— Record extracts —
================================

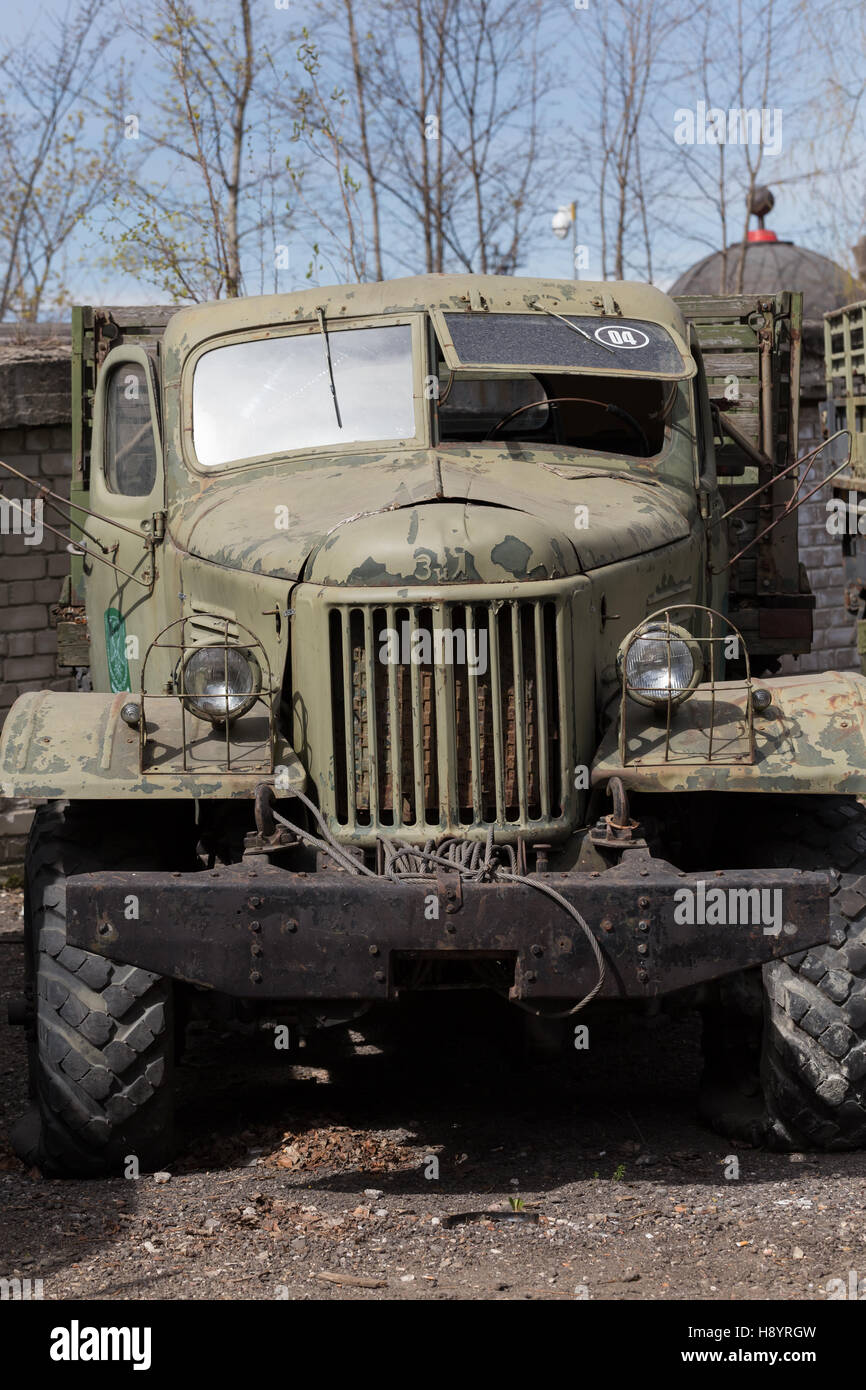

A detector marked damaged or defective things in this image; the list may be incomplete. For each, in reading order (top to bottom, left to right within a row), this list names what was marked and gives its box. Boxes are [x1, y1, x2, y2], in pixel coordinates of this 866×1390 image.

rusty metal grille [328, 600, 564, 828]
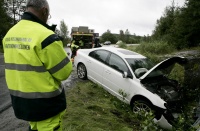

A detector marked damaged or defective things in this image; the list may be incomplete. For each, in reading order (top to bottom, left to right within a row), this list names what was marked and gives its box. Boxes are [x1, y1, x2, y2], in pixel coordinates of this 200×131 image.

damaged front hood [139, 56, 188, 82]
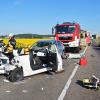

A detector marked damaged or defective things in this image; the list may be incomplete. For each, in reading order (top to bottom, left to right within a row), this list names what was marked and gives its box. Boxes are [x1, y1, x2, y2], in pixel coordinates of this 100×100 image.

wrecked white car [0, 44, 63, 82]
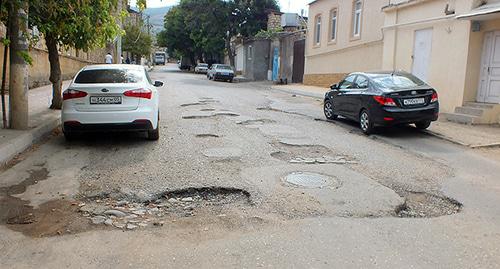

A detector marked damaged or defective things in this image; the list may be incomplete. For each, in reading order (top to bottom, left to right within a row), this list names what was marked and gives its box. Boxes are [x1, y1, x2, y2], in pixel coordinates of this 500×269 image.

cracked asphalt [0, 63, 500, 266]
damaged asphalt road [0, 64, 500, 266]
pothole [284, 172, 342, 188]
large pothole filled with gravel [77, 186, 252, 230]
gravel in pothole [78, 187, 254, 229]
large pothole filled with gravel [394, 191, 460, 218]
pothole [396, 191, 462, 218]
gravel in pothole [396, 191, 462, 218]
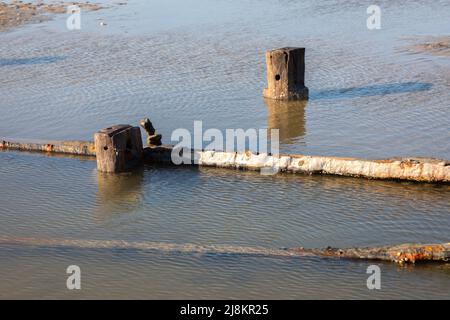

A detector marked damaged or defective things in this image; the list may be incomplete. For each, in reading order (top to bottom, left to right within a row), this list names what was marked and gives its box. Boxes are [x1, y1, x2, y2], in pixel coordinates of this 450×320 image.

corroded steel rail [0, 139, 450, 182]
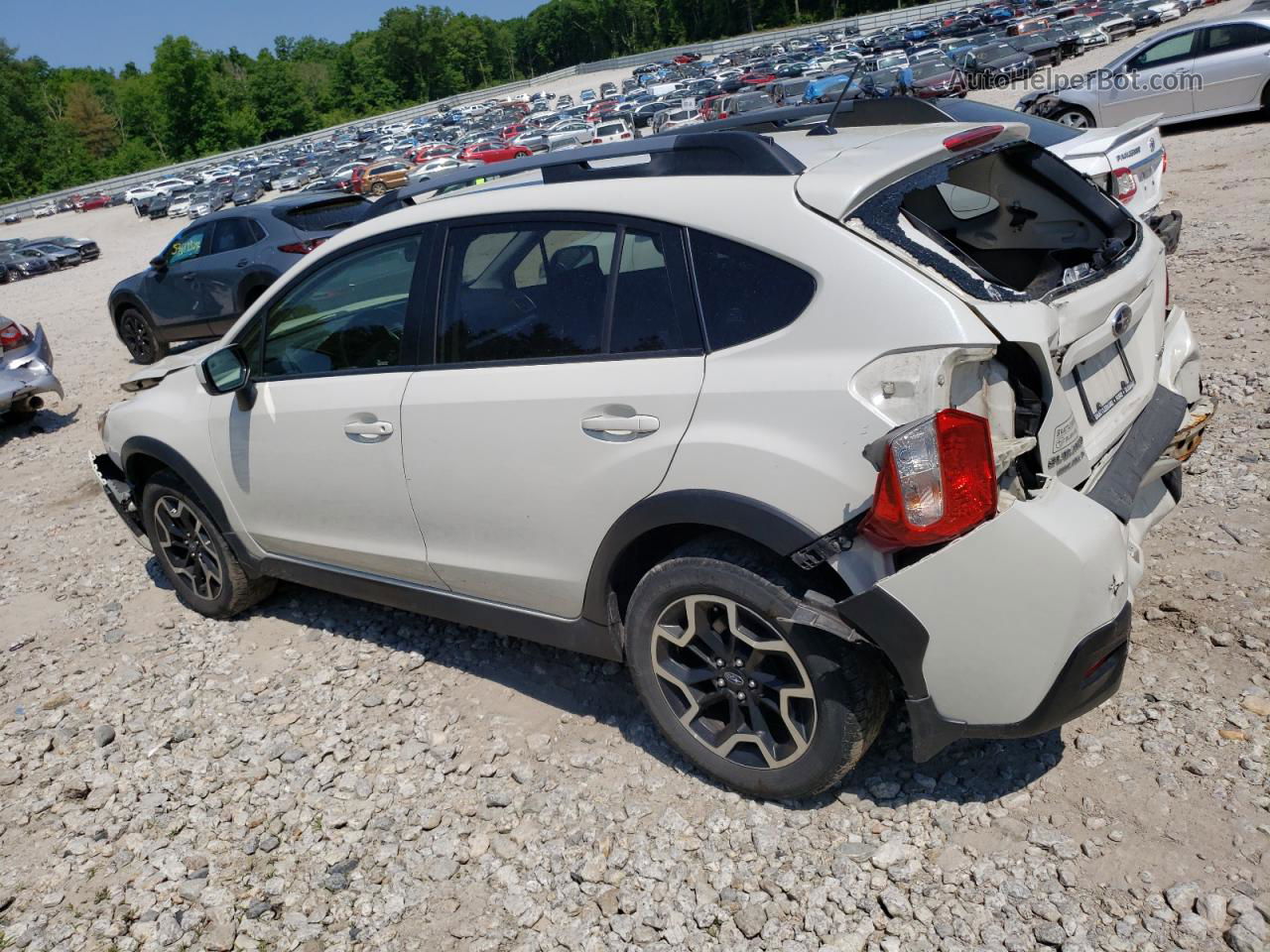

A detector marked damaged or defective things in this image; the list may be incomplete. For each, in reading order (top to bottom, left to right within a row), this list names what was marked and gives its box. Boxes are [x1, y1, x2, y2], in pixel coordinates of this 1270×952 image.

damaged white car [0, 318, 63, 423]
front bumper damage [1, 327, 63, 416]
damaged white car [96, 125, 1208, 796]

================================

— Exercise requirements —
Your answer must be the line that contains "this 1270×952 image." and every line after it to the end of the records, reproduced exactly.

— Solution to the problem —
A detector marked damaged or defective things in this image; the list may be incomplete. For each, in reading order (top to bottom, left to right within a row), this list names what was marked and gives its box. Boxes are [x1, y1, x2, y2], in pixel coordinates of this 1270×952 image.

damaged white car [0, 318, 63, 423]
front bumper damage [1, 327, 63, 416]
damaged white car [96, 125, 1208, 796]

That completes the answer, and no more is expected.